The next question comes from Bill Pecoriello - Morgan Stanley.

Bill Pecoriello - Morgan Stanley

A question more digging into the U.S. since mid-September when we saw this very steep fall off in consumer confidence, just give us a bit more color where you are seeing the further trade down to lower tiers, consumers putting off purchases as you mentioned in the pantry, slower category growth, accelerated channel shift. Where exactly it has changed on the margin since mid-September.

A.G. Lafley

I guess the first point that I would make which I think is incredibly important is while categories and markets are slowing in the U.S. they are still definitely growing. Okay? So whether it is on a unit volume basis or whether it is on a net sales basis we are still looking at growing markets in the U.S. which is a different situation than western Europe or Japan for example. I think that is important.

The second thing I would say is while private labels are clearly growing and 19-20 of our top four categories they are not impacting us. We are either holding or growing. So there are a few places where we are being impacted. We mentioned in Jon’s comments we are being impacted in batteries. This is not unusual in recessions. Battery pantry inventories get drawn down and consumers move more of their purchases into private label. In fact it is not unusual for consumers to try on more private labels during economic downturns.

We are seeing some move to private label in coffee. We are holding our share. We are seeing some move to private label in fem and pet, although a very small space, we are holding our share. Obviously Prilosec we are getting hurt by generic in the first year of launch and we have reported that but those are pretty much the markets where the private labels are having any impact on us. Fortunately in the categories like baby diapers, like family care, tissue and towels, one that is usually affected in a recession and we are growing share on towels and we are growing share in bath tissue.

The thing I like about the way we have gone into this downturn is we have stronger portfolios in place across categories and stronger portfolios in place across leading brands and most of the share volatility we have seen, the modest share loss has been more tied to us leading pricing than they are tied to some move that is being made by a competitor or a move that is being made by private label.

Operator

The next question comes from Lauren Leiberman – Barclays.

Lauren Leiberman - Barclays

In the press release it was mentioned the transaction benefit to SG&A based on inventory levels.
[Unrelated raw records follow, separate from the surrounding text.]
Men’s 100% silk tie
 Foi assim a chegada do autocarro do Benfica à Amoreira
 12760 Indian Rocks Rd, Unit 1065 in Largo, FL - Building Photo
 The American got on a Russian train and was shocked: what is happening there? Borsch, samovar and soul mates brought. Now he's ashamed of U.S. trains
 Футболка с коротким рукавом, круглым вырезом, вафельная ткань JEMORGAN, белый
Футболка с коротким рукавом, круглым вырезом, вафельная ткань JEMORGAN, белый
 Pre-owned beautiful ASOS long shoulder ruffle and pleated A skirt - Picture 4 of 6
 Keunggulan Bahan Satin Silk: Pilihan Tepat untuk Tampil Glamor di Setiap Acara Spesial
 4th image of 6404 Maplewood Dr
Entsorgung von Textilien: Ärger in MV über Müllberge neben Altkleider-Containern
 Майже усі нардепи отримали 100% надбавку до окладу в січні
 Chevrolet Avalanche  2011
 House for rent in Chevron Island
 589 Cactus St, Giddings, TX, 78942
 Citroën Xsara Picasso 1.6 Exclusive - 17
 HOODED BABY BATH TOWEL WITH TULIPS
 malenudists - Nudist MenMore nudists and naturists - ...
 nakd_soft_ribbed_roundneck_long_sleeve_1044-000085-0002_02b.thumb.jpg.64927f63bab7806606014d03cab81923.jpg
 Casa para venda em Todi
You gave good detail on the hypothetical example but can you explain how that works? Is that something that is sort of one-time in nature, probably doesn’t repeat and how big of an impact it was on SG&A this quarter?

Jon Moeller

The impact that we talked about in the quarter is simply balance sheet revaluation impact so it is one-time in nature. The dynamics that Clayt talked about in terms of transaction and translation are ongoing. The amount was not something we are going to get into in detail.

Operator

The next question comes from Bill Schmitz – Deutsche Bank.

Bill Schmitz – Deutsche Bank

Can you give us some of your assumptions on currency? I know you got into negative one to negative two for fiscal year. Does that assume current spot prices or do you guys have a forecast?

Clayt Daley

If I knew where this was going I’d be on a trading desk. No, we don’t view ourselves at any point in time as any smarter than the forward curves on these currencies. That is why I think through the balance of the year we are probably going to see this thing move around.

Operator

The next question comes from Ali Dibadj - Sanford Bernstein.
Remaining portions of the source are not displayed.